» SUPPLIED INFORMATION:

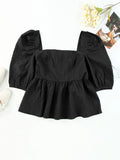 Square Neck Puff Sleeve Peplum Blouse DJPT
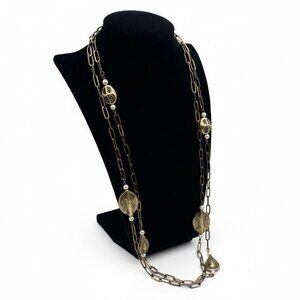 Vintage 80s Gold Tone Layered Chain Necklace Pearl Stations 29" Long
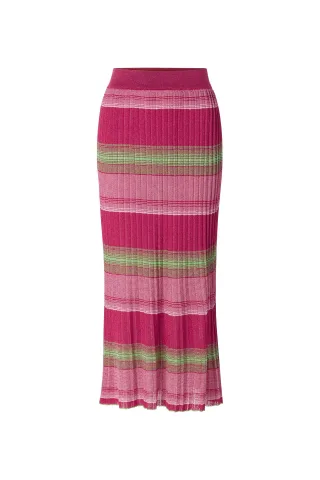 Rich & Royal - Skirt striped raspberry pink - Gr. - S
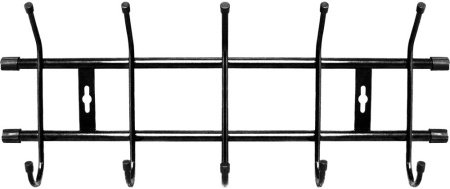 Вешалка настенная 5 крючков, Черный ВН5 (485х180х67мм) (Ника)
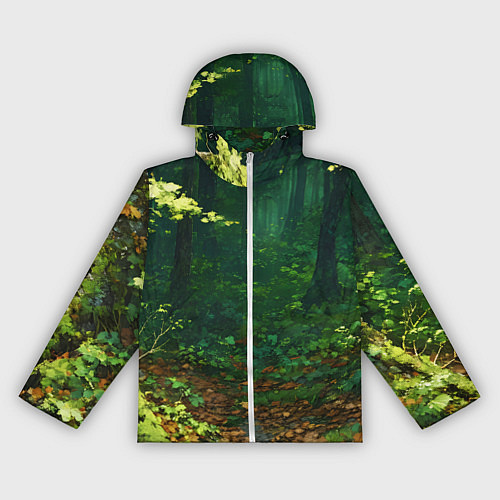 Женская ветровка Зелёный летний лес / 3D-Белый – фото 1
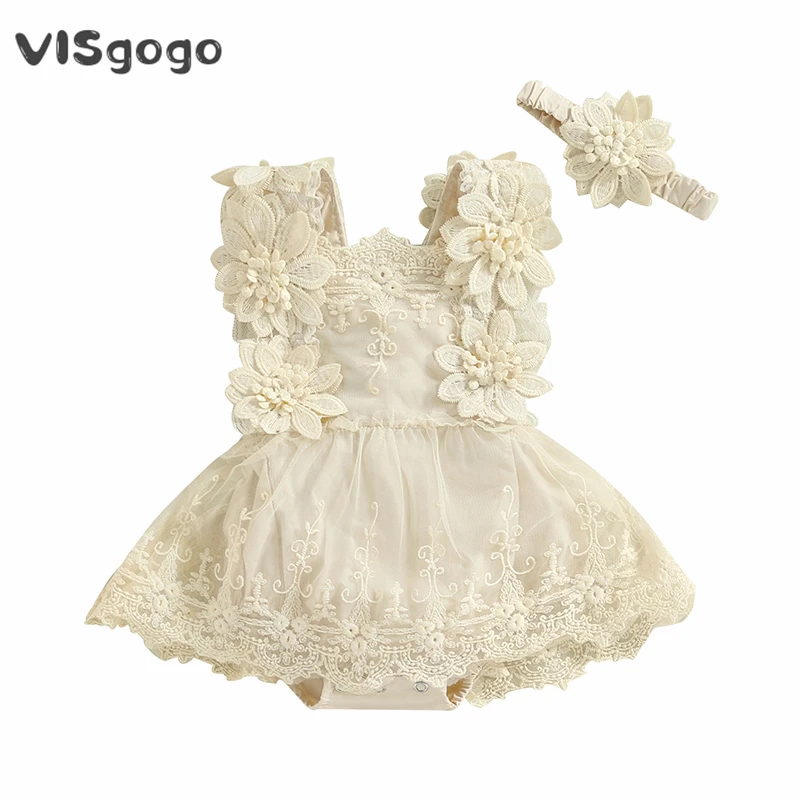 Top Trends: VISgogo Baby Girls Romper Dress Summer Sleeveless Square Neck Floral Lace Embroidery Party Princess Bodysuit Headband Outfit Shoppable Styles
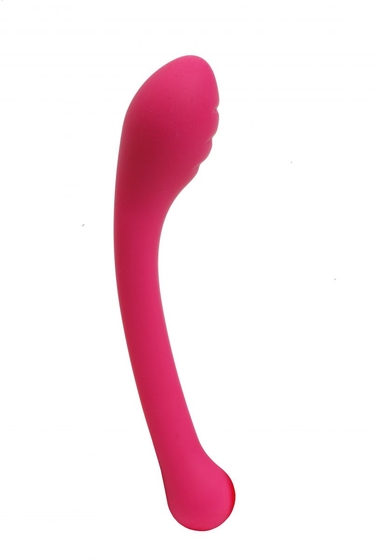 Ярко-розовый фаллоимитатор с изогнутой головкой - 18 см. - фото, цены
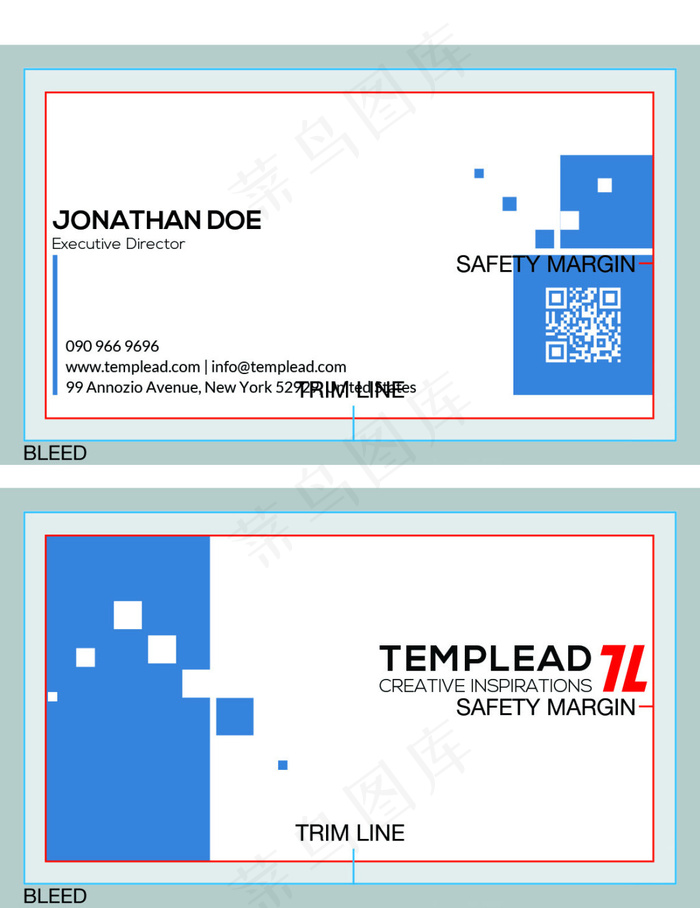 浅蓝色的名片设计PSD分层源文件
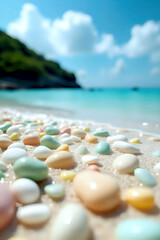 Vibrant, smooth pebbles of various colors lie on a scenic beach by the ocean. The sunny landscape and calm waters create a serene atmosphere.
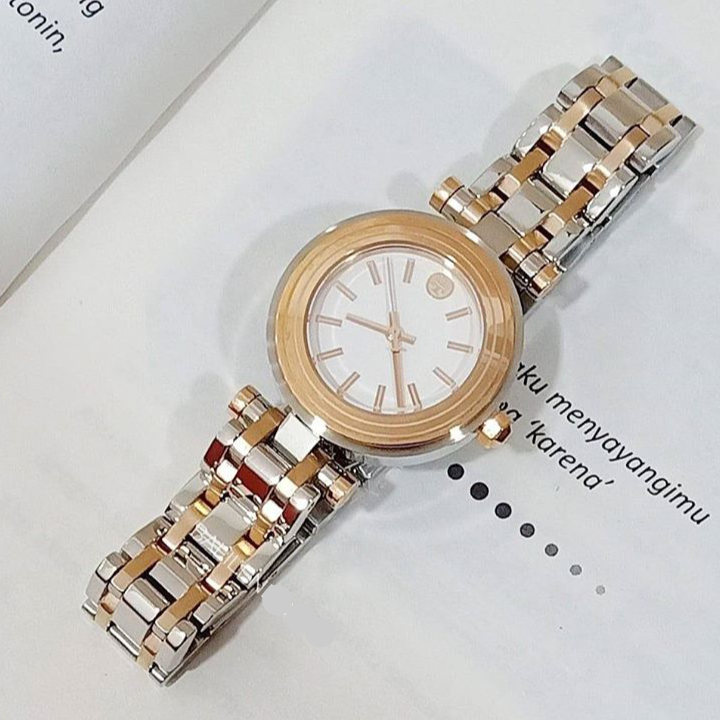 Buy Shop Tory Burch Classic T White Dial Two Tone Steel Strap Watch for Women - TBW9011 USA Online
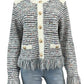 MILLY Tweed Fringe Trim Sweater Cardigan Jacket Size L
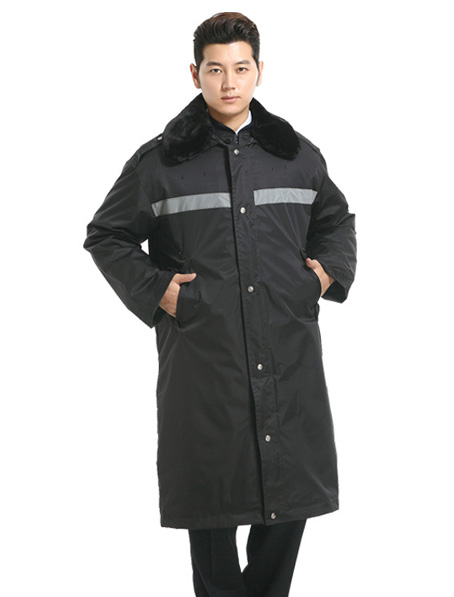 重庆长款保安防寒服定做,保安棉服款式图片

» TO DO: Leave the images aside and return the records above exactly as written.

» TASK RESULT:
 Square Neck Puff Sleeve Peplum Blouse DJPT
 Vintage 80s Gold Tone Layered Chain Necklace Pearl Stations 29" Long
 Rich & Royal - Skirt striped raspberry pink - Gr. - S
 Вешалка настенная 5 крючков, Черный ВН5 (485х180х67мм) (Ника)
 Женская ветровка Зелёный летний лес / 3D-Белый – фото 1
 Top Trends: VISgogo Baby Girls Romper Dress Summer Sleeveless Square Neck Floral Lace Embroidery Party Princess Bodysuit Headband Outfit Shoppable Styles
 Ярко-розовый фаллоимитатор с изогнутой головкой - 18 см. - фото, цены
 浅蓝色的名片设计PSD分层源文件
 Vibrant, smooth pebbles of various colors lie on a scenic beach by the ocean. The sunny landscape and calm waters create a serene atmosphere.
 Buy Shop Tory Burch Classic T White Dial Two Tone Steel Strap Watch for Women - TBW9011 USA Online
 MILLY Tweed Fringe Trim Sweater Cardigan Jacket Size L
 重庆长款保安防寒服定做,保安棉服款式图片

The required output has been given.